Auch die Interessentenauswahl spielt eine zentrale Rolle. Nicht jede Anfrage führt zu einem tragfähigen Kauf. Bonität, Entscheidungsfähigkeit und realistische Erwartungen sind entscheidend für einen stabilen Verkaufsprozess. Die Vorqualifizierung potenzieller Käufer reduziert das Risiko späterer Rückabwicklungen oder Verzögerungen.

Ein Punkt, der häufig erst spät erkannt wird, ist die Verhandlungsführung. Eigentümer sind emotional beteiligt, Käufer verfolgen eigene Interessen. Ein neutraler Vermittler kann hier ausgleichend wirken, Missverständnisse klären und Verhandlungen sachlich führen.
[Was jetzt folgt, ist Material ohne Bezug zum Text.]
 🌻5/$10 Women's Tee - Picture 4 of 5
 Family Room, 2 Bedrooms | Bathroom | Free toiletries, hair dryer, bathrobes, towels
Das kann dazu beitragen, Eskalationen zu vermeiden und Lösungen zu finden, die für beide Seiten tragfähig sind.

Darüber hinaus übernimmt ein Makler organisatorische und koordinierende Aufgaben. Die Zusammenstellung und Prüfung von Unterlagen, die Abstimmung mit Notaren, Banken oder Verwaltungen sowie die Begleitung bis zum Vertragsabschluss erfordern Erfahrung und Sorgfalt. Fehler oder Verzögerungen in dieser Phase können rechtliche oder finanzielle Konsequenzen haben.

Die Maklerprovision ist vor diesem Hintergrund nicht nur eine Vermittlungsgebühr, sondern Teil eines strukturierten Verkaufsprozesses. Sie deckt Marktkenntnis, Zeitaufwand, Organisation und Verantwortung ab. Ob diese Leistung für einen Eigentümer sinnvoll ist, hängt von der individuellen Situation ab: Zeitressourcen, Erfahrung, Objektart und persönliche Umstände spielen eine Rolle.

Ein Immobilienverkauf ohne Makler kann funktionieren, insbesondere bei einfachen Konstellationen und klaren Marktverhältnissen. In komplexeren Situationen kann professionelle Begleitung jedoch dazu beitragen, Risiken zu reduzieren und Entscheidungen abzusichern. Die Frage lautet daher weniger, ob ein Makler „notwendig“ ist, sondern ob zusätzliche Struktur, Marktkenntnis und Neutralität im jeweiligen Fall einen Mehrwert darstellen.

Eine nüchterne Abwägung dieser Faktoren hilft Eigentümern, eine Entscheidung zu treffen, die nicht allein auf Kosten, sondern auf dem gesamten Prozess basiert.

Quellen

  • Statistisches Bundesamt (Destatis): Immobilienmarkt & Preisindizes

  • Deutsche Bundesbank: Wohnimmobilienmarkt und Preisentwicklung

  • Gesetz zur Verteilung der Maklerkosten bei Kaufverträgen über Wohnungen und Einfamilienhäuser (BGB § 656c ff.)